Una vez anotada la bella historia de Titania y Oberón en mi diario, me dirigí hasta la posada al encuentro de mis dos compañeros, Mario y Ramón.
Según me acercaba, pude observar cierto revuelo entre las gentes del lugar; había una considerable cantidad de guardias armados, la gran mayoría a pie. Tan solo había uno montado a caballo y cuatro monturas sin jinete. Entré en la posada y encontré a mis amigos sentados en compañía de un hombre de armas por cuyo atuendo supuse alguien importante.
No tardé en confirmarlo; Ramón me explicó que mi amigo el Jeque había tenido la amabilidad de hablar con un amigo suyo, Hiroshi (que significa generoso), un Señor de estas tierras niponas que nos daría alojamiento y protección durante nuestra permanencia en su bello país. El joven emisario de elegantes vestiduras se apresuró a pedir disculpas en nombre de su señor, pues era una costumbre de su casa celebrar el día de juego, y nada en el mundo haría que su señor faltara a la palabra dada por su antepasado. Me incliné aceptando las disculpas, y junto con mis compañeros de viaje, me dispuse a partir hacia las tierras de nuestro nuevo anfitrión.
En cualquier otro lugar, hubiesen resultado poco corrientes aquellas costumbres llenas de protocolo y respeto que aquellas gentes se profesaban. En mi mente rondaban aún las extrañas palabras de nuestro emisario. El día de juego… Había despertado mi curiosidad, pero como siempre, me alié con la paciencia hasta que aquella fuera saciada.
Llegamos a la falda de una pequeña montaña rodeada de un doble muro de piedra. Bien guarnecida al otro lado se alzaba la fortaleza del señor de aquellas tierras. En el interior del segundo muro se levantaba la aldea, llena de vida y de gentes atareadas con sus cotidianos menesteres. Se respiraba armonía y equilibro en aquel lugar; nada estaba fuera de sitio, como si hasta el más irrelevante detalle tuviese un propósito y un fin. El canto del riachuelo, el soplo del viento atravesando las grietas de las ventanas, todo cuidadosamente diseñado para que invadiese una insólita sensación de bienestar. Era sencillo sentirse cómodo y protegido dentro de aquellos muros.
Una vez en las puertas del pequeño palacete, nos invitaron a entrar hasta una especie de salón. Sutilmente, nos indicaron que debíamos descalzarnos. Poco después nos condujeron hacia un cuarto donde estaban preparadas unas grandes bañeras de agua caliente. Me sorprendieron el sigilo, la naturalidad y la eficiencia con la que nos despojaron de la ropa. Apenas reparamos, no sin cierto pudor, de que eran mujeres las que nos atendían con tal maestría y dedicación.

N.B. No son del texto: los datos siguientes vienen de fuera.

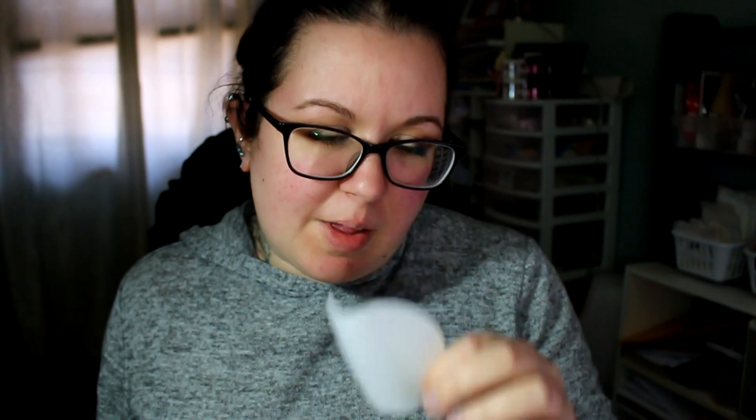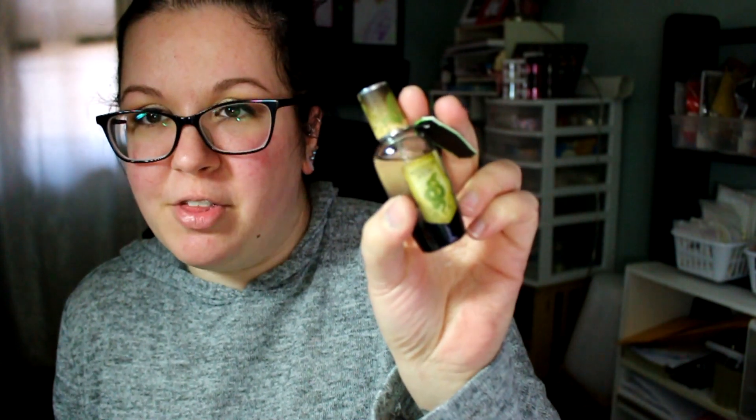My battery died so I'm picking back up here. The Serpent Spirit one definitely smells like a cucumber melon type scent to me. It's very clean, another really good scent for spring. It might have a little hint of apple too — cucumber melon, apple, all things green. That's what this one smells like.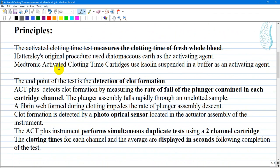The activated clotting time test measures the clotting time of fresh whole blood. Hattersley's original procedure uses diatomaceous earth as an activating agent. The Medtronic activated clotting time cartridges use kaolin suspended in a buffer as an activating agent.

En todo momento nos acompañaba Sadayo, nombre por el que respondía el joven emisario. Nos indicó la forma de meternos en las enormes tinas de agua que hacían las veces de bañeras; debíamos hacerlo muy despacio para no quemarnos, y una vez dentro, sin apenas movernos, dejar que nuestros cuerpos se relajaran y renovasen nuestras fuerzas con el calor del agua y el aroma de las hierbas que hervían en una tetera.

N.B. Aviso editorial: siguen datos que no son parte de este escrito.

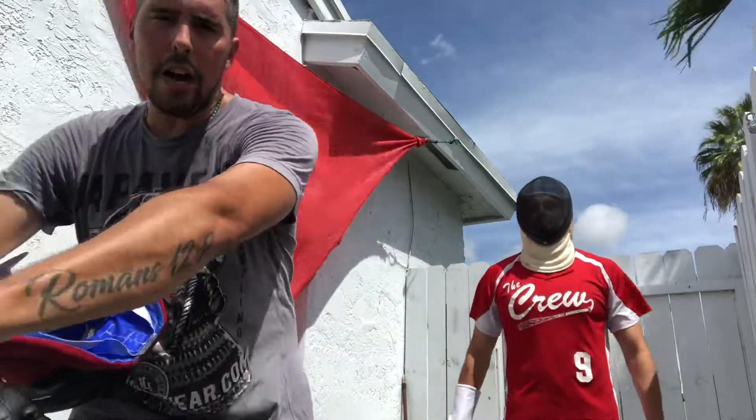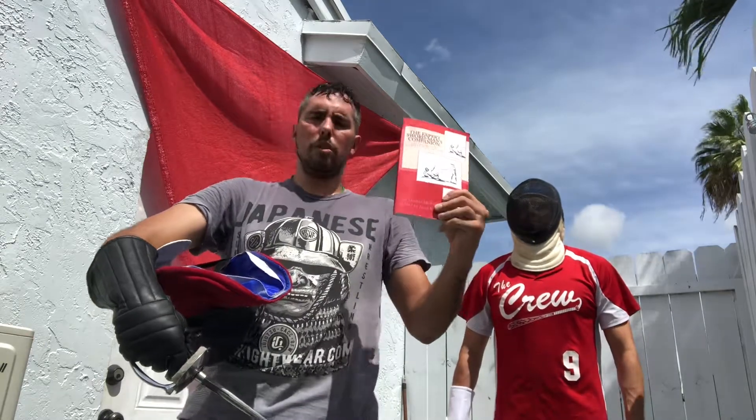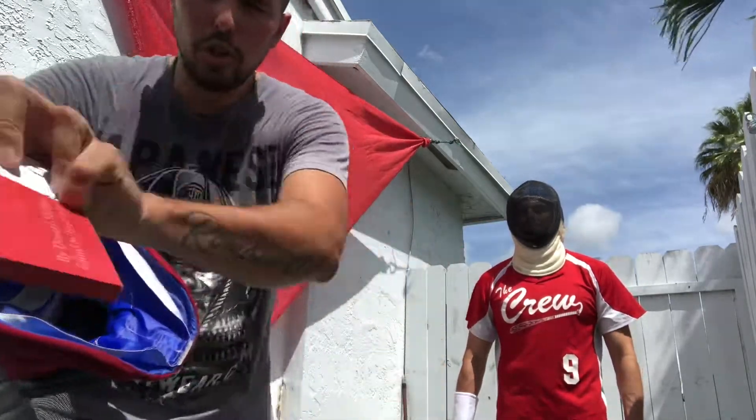Hey guys, how's it going? It's Dax here. Today we're going to work off of Donald McBain's book. For those of you who don't know, Donald McBain was one of the greatest swordsmen in Europe, and his favorite sword was the spadroon, which is also my favorite sword.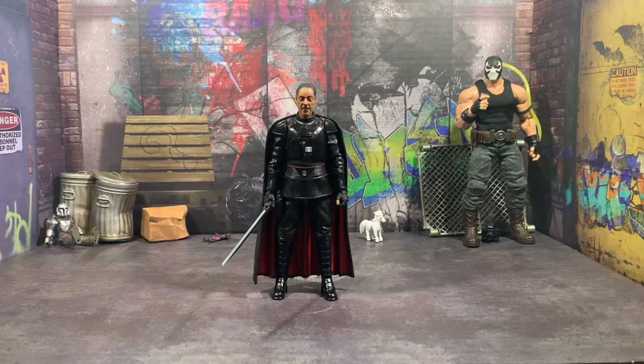Hey everyone, how are you all doing? Today we're taking a look at the Hasbro Star Wars The Black Series Moff Gideon from The Mandalorian, and this figure is pretty damn good.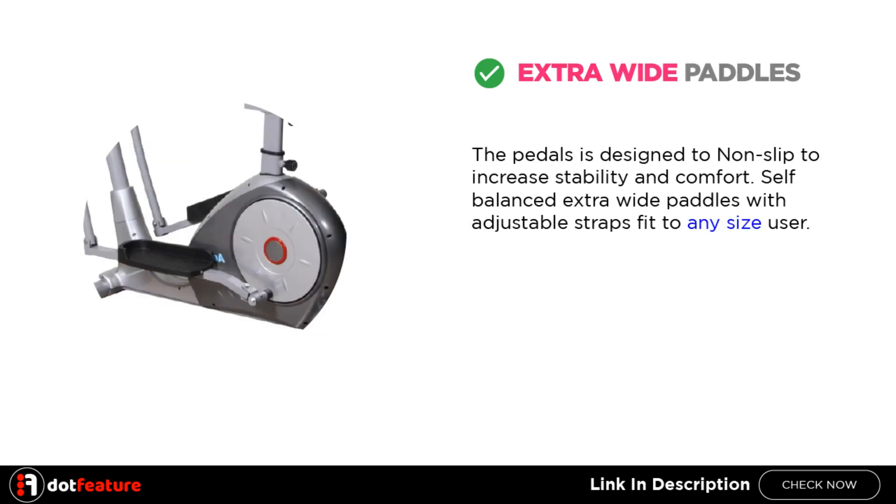Extra Wide Pedals: The pedals are designed to be non-slip to increase stability and comfort. Self-balanced extra wide pedals with adjustable straps fit any size user.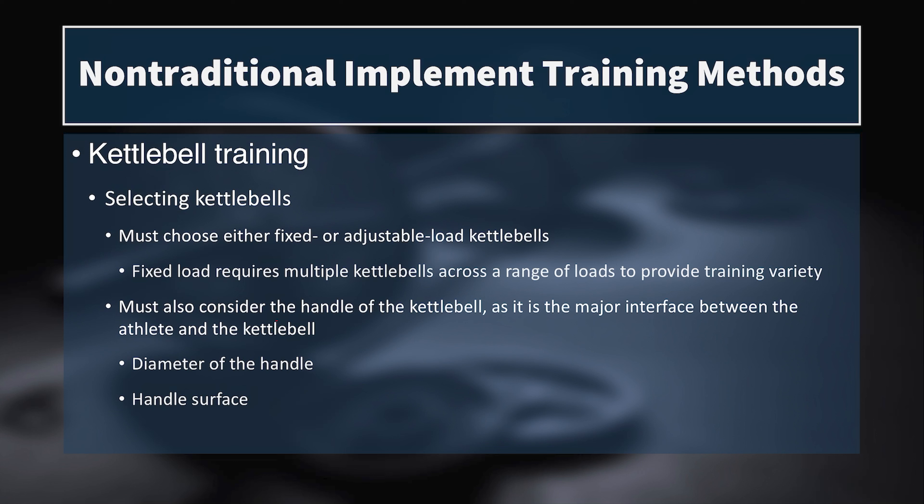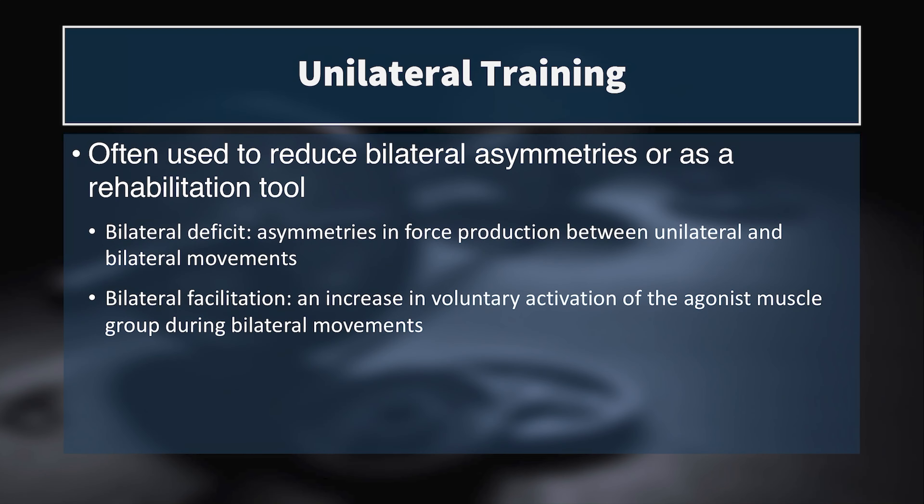When selecting kettlebells, there are either fixed or adjustable load varieties — kind of like a loadable versus fixed dumbbell. We do need to consider the shape and diameter of the handle, though, because if it's too thick on a really heavy kettlebell, some smaller or female athletes may not be able to hold on to it. For example, I have an 80-pound kettlebell at home that's great for heavy swings, but the diameter of the handle is so large that I can't get both hands in there comfortably and don't feel like I have the firmest grip.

Al cabo de un tiempo, me desperté de un ligero sueño dentro de la tina. Un leve movimiento en el agua había llamado mi atención. Acababa de entrar en la estancia un hombre de porte sereno y mirada penetrante que nos observó con curiosidad. A su alrededor, una nube de mujeres -que después supe llamaban geishas- revoloteaba a su alrededor colmándole de atenciones para que tomara su baño.
Una vez acomodado, nos saludó con una leve reverencia de su cabeza y después cerró sus ojos disfrutando del baño sin duda como nosotros. Unos minutos después dedicó una mirada pausada a cada uno de mis compañeros, hasta que sus ojos finalmente se posaron en mí. Comentó que su amigo el Jeque no se había equivocado en nada al describirnos. Nos dio la bienvenida y expresó su deseo de conocer nuestra historia en una conversación después del baño, tomando una taza de té.

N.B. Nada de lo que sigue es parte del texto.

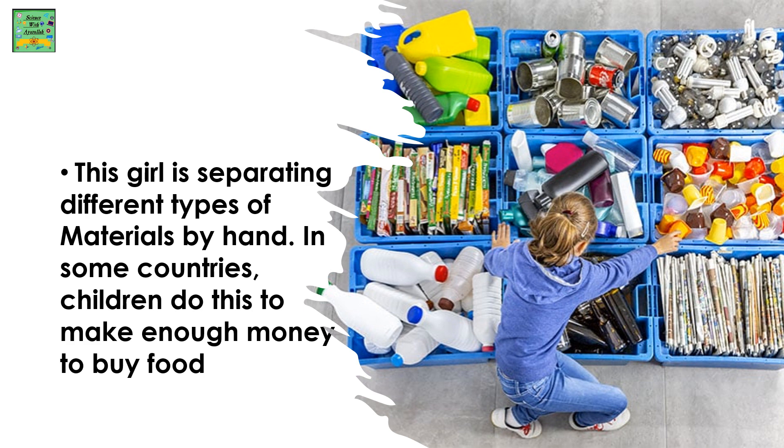This girl is separating different types of materials by hand. In some countries, children do this to make enough money to buy food.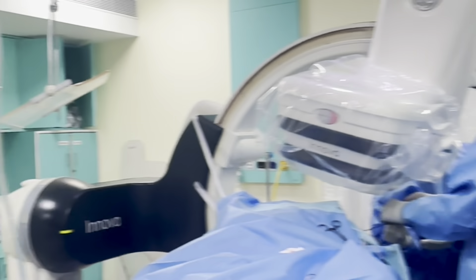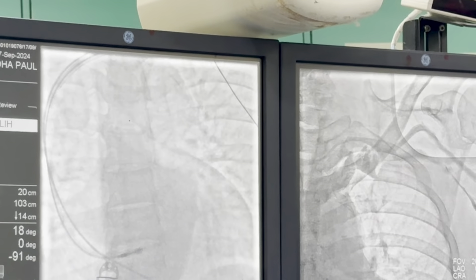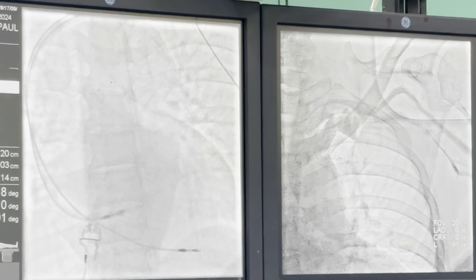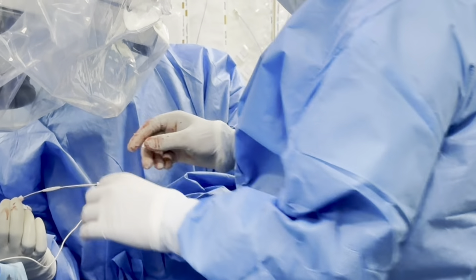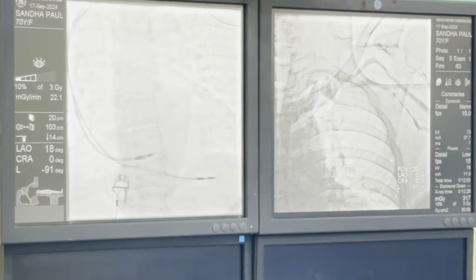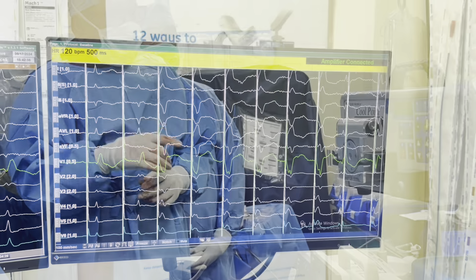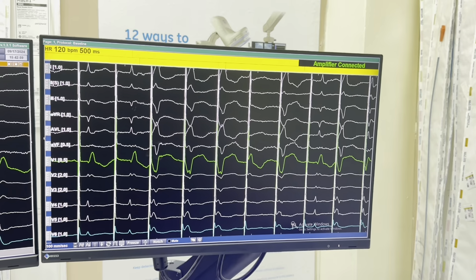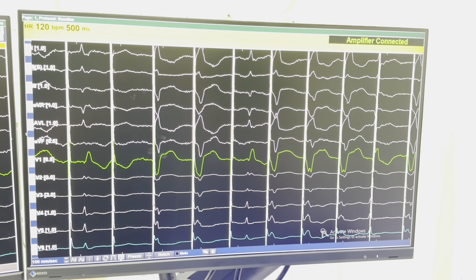Now the lead is touching the septum and we will try to face here. In unipolar configuration, we will see what kind of intracardiac electrograms we are getting. Now we have the unipolar connections — this is the tip. We are pacing in unipolar fashion and we are on the right side of the septum. Now we are recording from the right side of the septum. Lead 2 is up and leads AVR and AVL are recording. In V1 you can see the W pattern.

Nuestras ropas no estaban en su sitio, de modo que nos pusimos las que nos dejaron en su lugar. En realidad, nos vistieron las mismas solícitas mujeres de manos suaves y mirada huidiza que pululaban a nuestro alrededor. Antes casi de acertar a reaccionar, nos encontrábamos completamente vestidos, y tuvimos que reprimir las carcajadas que asomaban a nuestras gargantas cuando nos observamos unos a otros, pues aquellos ropajes tan poco convencionales nos daban un aspecto excéntrico a nuestros ojos. Después del primer impacto, Sadayo, el joven emisario, divertido por nuestro desconcierto y con una sonrisa en los labios, nos pidió que le siguiéramos hasta la sala de té, donde su señor nos estaba esperando.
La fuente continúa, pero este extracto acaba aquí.